Sara Madruga acredita que “o PPD/PSD precisa de iniciar um novo ciclo, de uma liderança forte. O partido necessita de uma nova estratégia de oposição e de um líder que denuncie a estratégia eleitoralista de António Costa de prejudicar a Madeira. Precisamos de um líder humanista, mais próximo das pessoas e das causas sociais.  Para mim, Pedro Santana Lopes é o melhor candidato para a Madeira por um PSD mais PPD”

A deputada não tem dúvidas e diz que “Pedro Santana Lopes por ser o melhor candidato para a Madeira”. Considera que a escolha “não se baseou numa análise subjetiva do perfil, da seriedade, da personalidade ou da vida pessoal dos candidatos, mas nas ideias, nos compromissos e no programa dos candidatos para a Madeira (ou na ausência deles).

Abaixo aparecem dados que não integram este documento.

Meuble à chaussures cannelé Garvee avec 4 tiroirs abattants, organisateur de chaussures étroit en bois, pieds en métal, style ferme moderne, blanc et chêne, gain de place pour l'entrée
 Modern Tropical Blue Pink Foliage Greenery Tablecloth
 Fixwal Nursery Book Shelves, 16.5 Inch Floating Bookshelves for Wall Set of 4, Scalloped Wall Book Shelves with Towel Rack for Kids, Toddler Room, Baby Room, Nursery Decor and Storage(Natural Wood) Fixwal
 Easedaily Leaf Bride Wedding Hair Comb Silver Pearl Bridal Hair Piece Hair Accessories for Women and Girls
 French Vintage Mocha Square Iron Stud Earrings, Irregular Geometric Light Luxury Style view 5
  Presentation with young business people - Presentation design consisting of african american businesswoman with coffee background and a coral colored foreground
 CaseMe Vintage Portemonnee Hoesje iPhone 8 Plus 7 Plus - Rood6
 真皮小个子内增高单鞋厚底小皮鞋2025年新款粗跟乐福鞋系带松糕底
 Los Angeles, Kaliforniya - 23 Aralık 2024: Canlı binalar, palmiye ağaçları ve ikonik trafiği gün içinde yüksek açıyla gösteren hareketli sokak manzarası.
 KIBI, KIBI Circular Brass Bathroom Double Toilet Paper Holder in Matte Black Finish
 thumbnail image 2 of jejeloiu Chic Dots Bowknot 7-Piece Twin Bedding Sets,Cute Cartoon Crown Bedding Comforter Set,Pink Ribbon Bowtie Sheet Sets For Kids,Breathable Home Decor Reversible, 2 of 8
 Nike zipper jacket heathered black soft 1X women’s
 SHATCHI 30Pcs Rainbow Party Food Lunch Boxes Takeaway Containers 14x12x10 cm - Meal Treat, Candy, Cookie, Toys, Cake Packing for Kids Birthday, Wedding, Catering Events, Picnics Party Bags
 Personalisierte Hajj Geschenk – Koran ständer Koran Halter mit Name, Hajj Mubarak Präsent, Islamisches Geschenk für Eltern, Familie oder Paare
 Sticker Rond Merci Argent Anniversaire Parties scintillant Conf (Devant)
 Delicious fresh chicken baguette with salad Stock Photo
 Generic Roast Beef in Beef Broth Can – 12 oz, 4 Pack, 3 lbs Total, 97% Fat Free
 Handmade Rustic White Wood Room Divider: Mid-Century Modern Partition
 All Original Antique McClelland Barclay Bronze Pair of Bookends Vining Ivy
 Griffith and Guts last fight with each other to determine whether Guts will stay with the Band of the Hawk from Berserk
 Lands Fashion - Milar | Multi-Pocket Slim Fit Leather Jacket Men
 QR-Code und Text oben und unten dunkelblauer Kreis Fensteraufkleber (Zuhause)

Santana Lopes, discípulo de Sá Carneiro é o candidato que melhor compreende e valoriza a Autonomia Regional e apresenta 13 medidas concretas para a nossa Região”.

A deputada social democrata madeirense na Assembleia da República lembra que Santana “é o único candidato que apresenta ideias concretas para a nossa Região”, apontando “a defesa da concretização da solidariedade nacional com a construção de um Novo Hospital da Madeira, a defesa do Centro Internacional de Negócios da Madeira e do MAR – Registo Internacional de Navios da Madeira, a necessidade da revisão do Estatuto Político – Administrativo e da Lei das Finanças Regionais”.

A mandatária regional de Santana diz que o candidato que amanhã vai a votos com Rio “também defende a necessidade de um modelo de transportes aéreos e marítimos inter-ilhas e entre estas e o exterior mais eficaz e a um preço mais baixo, o aprofundamento da Autonomia, o cumprimento dos princípios da subsidiariedade, reciprocidade e da continuidade territorial e a clarificação das competências legislativas e fiscais da RAM”.

Sara Madruga da Costa diz que a Região é, para o candidato, “um território de características únicas que em muito contribui para a riqueza do País e da União Europeia, o que justifica que seja alvo de um investimento diferenciado integrado numa lógica de desenvolvimento de Portugal como um todo, em especial no que respeita à sua Zona Económica Exclusiva, à sua biodiversidade, ao seu potencial nos domínios do turismo, das economias verde e azul, à sua posição geo- estratégica e à astronomia, entre outros”.

>A social democrata diz ainda que “Pedro Santana Lopes também defende a salvaguarda da agricultura e das pescas da Madeira nas negociações europeias, a promoção do seu desenvolvimento sustentável e a protecção da RDP e da RTP Madeira enquanto meios de informação essencial de âmbito regional, defendendo a autonomia na gestão nas suas múltiplas formas, bem como a necessidade da Região estar inscrita nos mais avançados modelos e tecnologias de informação, comunicação e conhecimento digital!.